Его приговорили к смерти, он ожидал казни в севастопольской тюрьме. Мне рассказывали, что своими зажигательными речами он распропагандировал тюремщиков, и они дали ему убежать; я спросил его, правда ли это. Он рассмеялся. На самом деле история была далеко не столь романтичная. Поручик, начальник тюремной охраны, сочувствовал революционерам, и товарищи заставили его устроить Савинкову побег. План побега был донельзя прост. Поручик дерзко вошел в камеру Савинкова, велел вывести заключенного и сказал, чтобы тот следовал за ним. Часовые, видя, что Савинков идет за офицером, не остановили его, и так они очутились на улице. Дошли до порта, сели в заранее заготовленную шлюпку и пустились в плавание по Черному морю. Несмотря на то, что сильно штормило, они за четыре дня доплыли до Румынии. Оттуда Савинков перебрался во Францию, жил в Париже, на Ривьере, затем разразилась революция, и он смог вернуться в Россию.
Чтобы организовать и совершить эти убийства, сказал я, несомненно, нужна невероятная смелость.
Он пожал плечами:
— Отнюдь нет, можете мне поверить. Дело как дело, ко всему привыкаешь.
Петроград.
Вечерами он куда красивее.

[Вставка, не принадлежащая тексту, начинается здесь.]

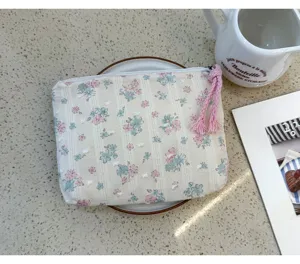 Floral cosmetic bag detail shot, compact portable storage pouch with cute tassel zipper pull.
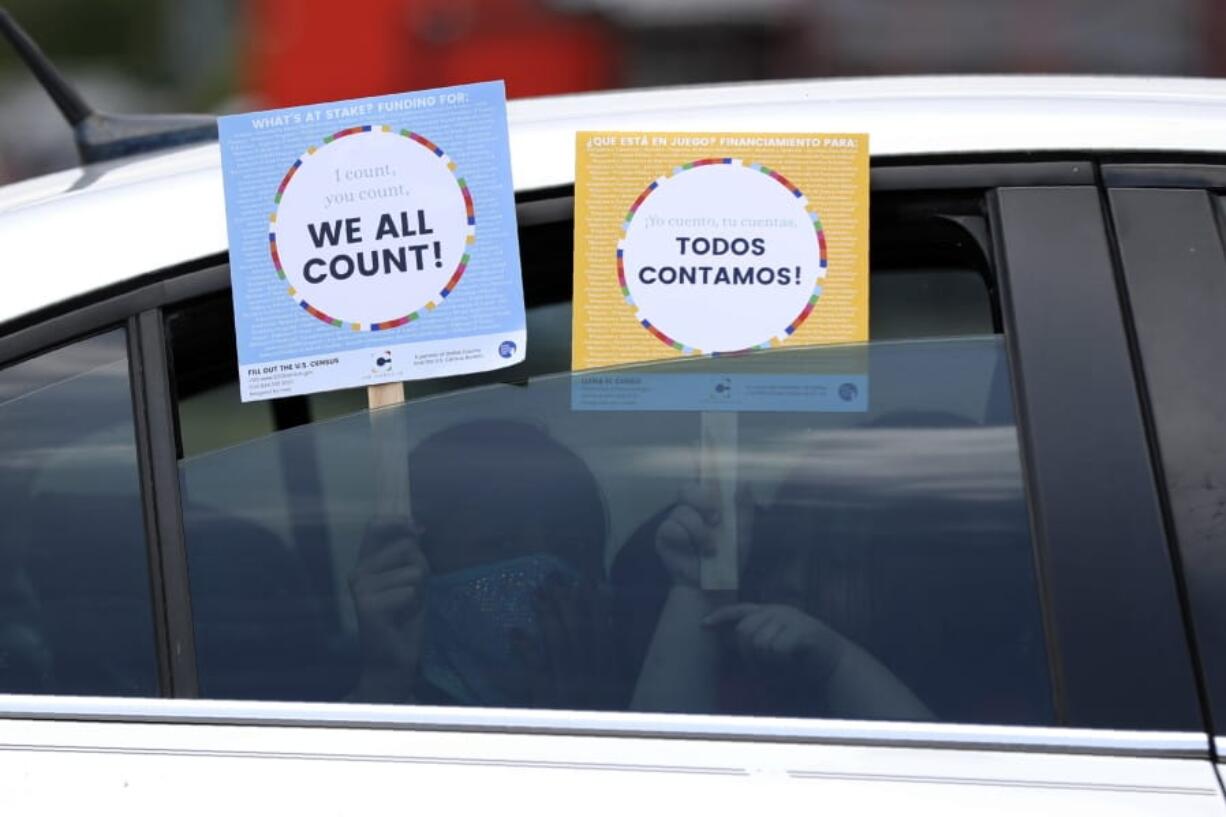 FILE - In this June 25, 2020, file photo, two young children hold signs through the car window that make reference to the 2020 U.S. Census as they wait in the car with their family at an outreach event in Dallas.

Здешние каналы удивительно своеобразны, и хотя порой в них можно уловить сходство с венецианскими или амстердамскими, оно лишь подчеркивает их отличие. Неяркие, приглушенные краски. Близкие к пастельным, но такие нежные, какие художникам редко удается передать: туманно-голубые и тускло-розовые тона, как на эскизах Кантен де Латура, зеленые и желтые, как сердцевина розы. Они пробуждают те же чувства, что французская музыка восемнадцатого века с ее пронизанным грустью весельем. От каналов веет тишиной, бесхитростностью и наивностью; этот фон представляет отрадный контраст русским с их необузданным воображением и буйными страстями.